━━ MATERIAL SUPPLIED ━━

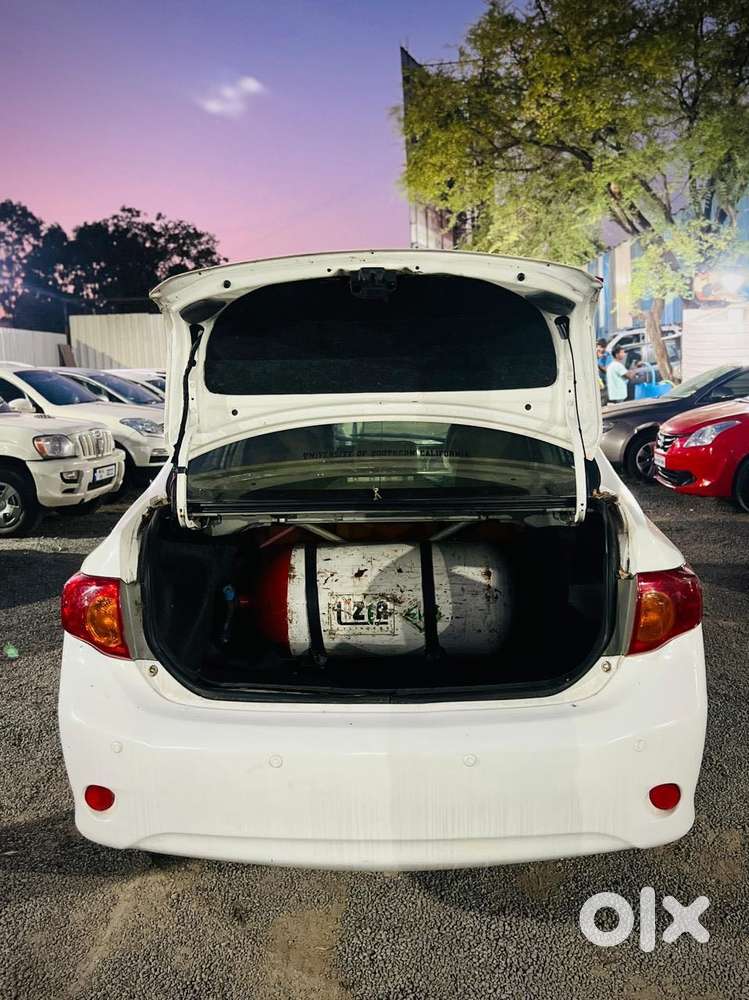 Toyota Corolla Altis 1.8 J, 2010, Cng & Hybrids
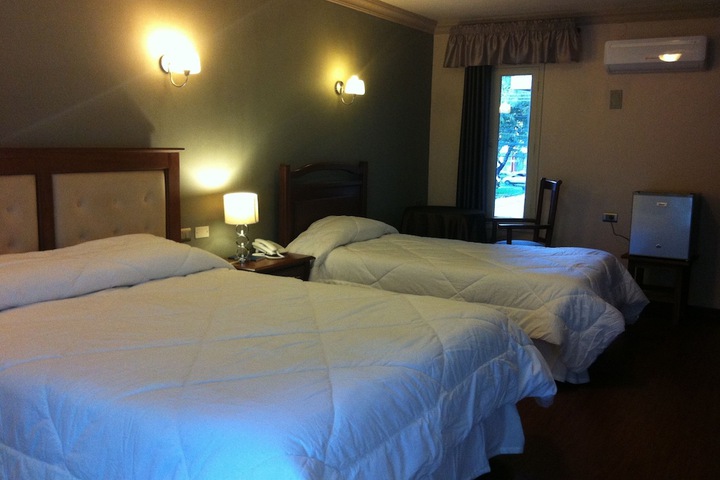 Room 8 of 33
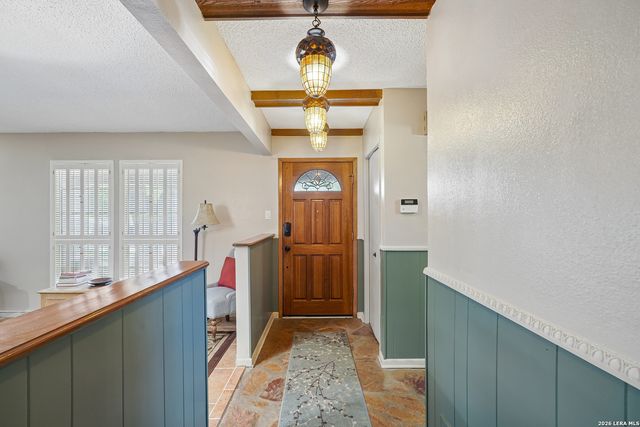 3607 FALLS CREEK DR, San Antonio, TX 78230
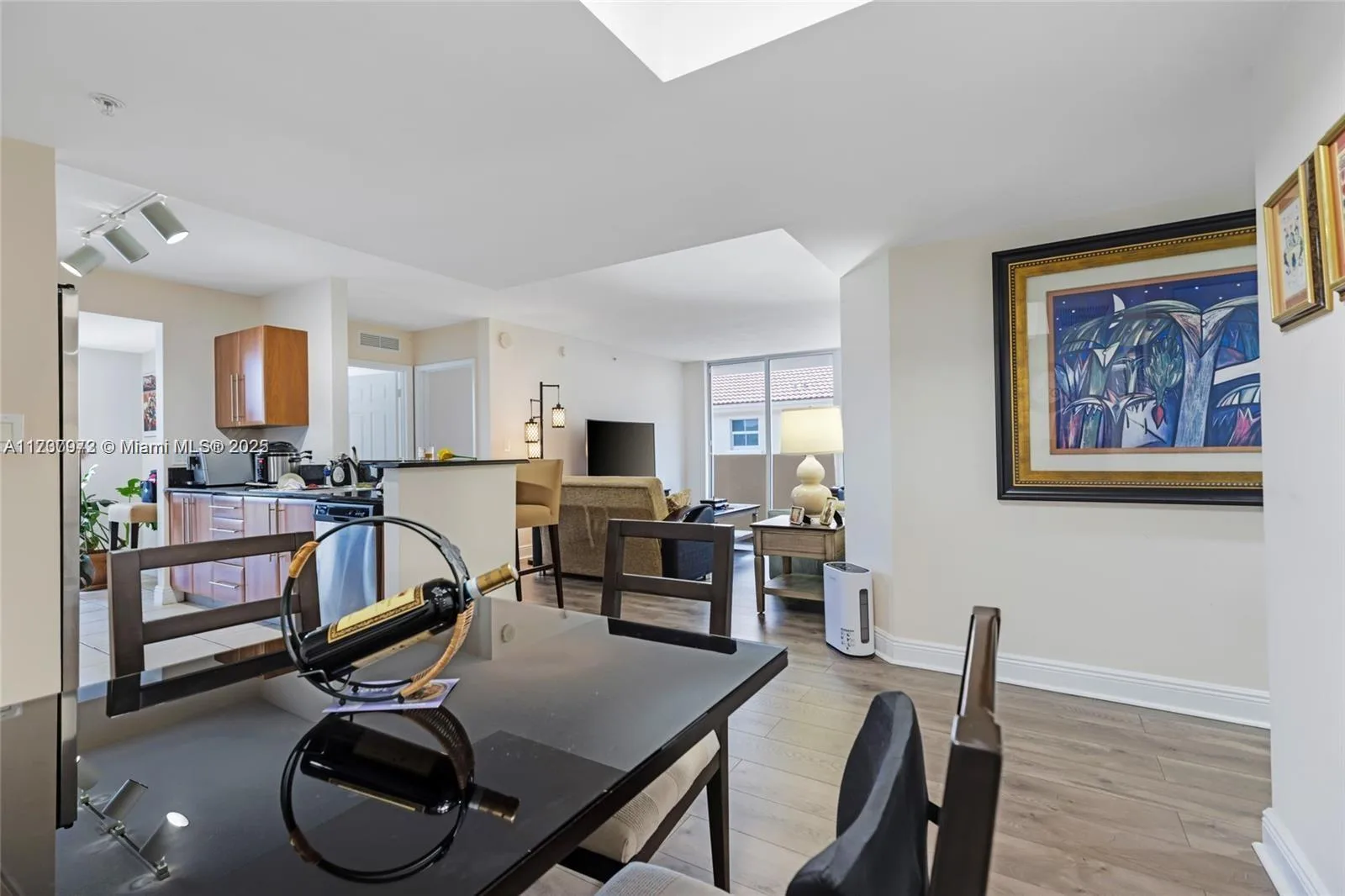3232 SW 22nd Ter # 301, Miami, FL 33145 photo 8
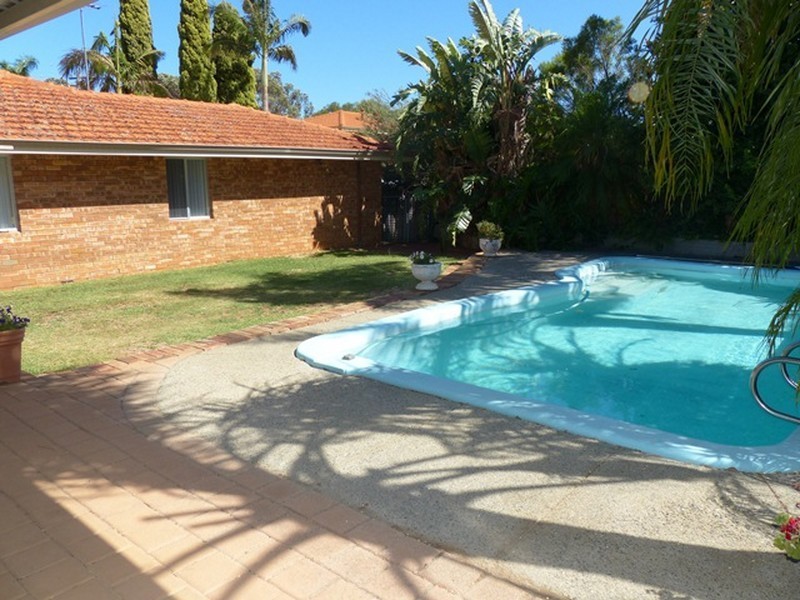 5 Terrigal Place, Maida Vale WA 6057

━━━

◆ **ABOUT THIS EXERCISE**: From the line containing "3232 SW 22nd" to the end of the data above, give those lines again verbatim, with both endpoints included and no images.

◆ **RESULT OF THE TASK**:
3232 SW 22nd Ter # 301, Miami, FL 33145 photo 8
 5 Terrigal Place, Maida Vale WA 6057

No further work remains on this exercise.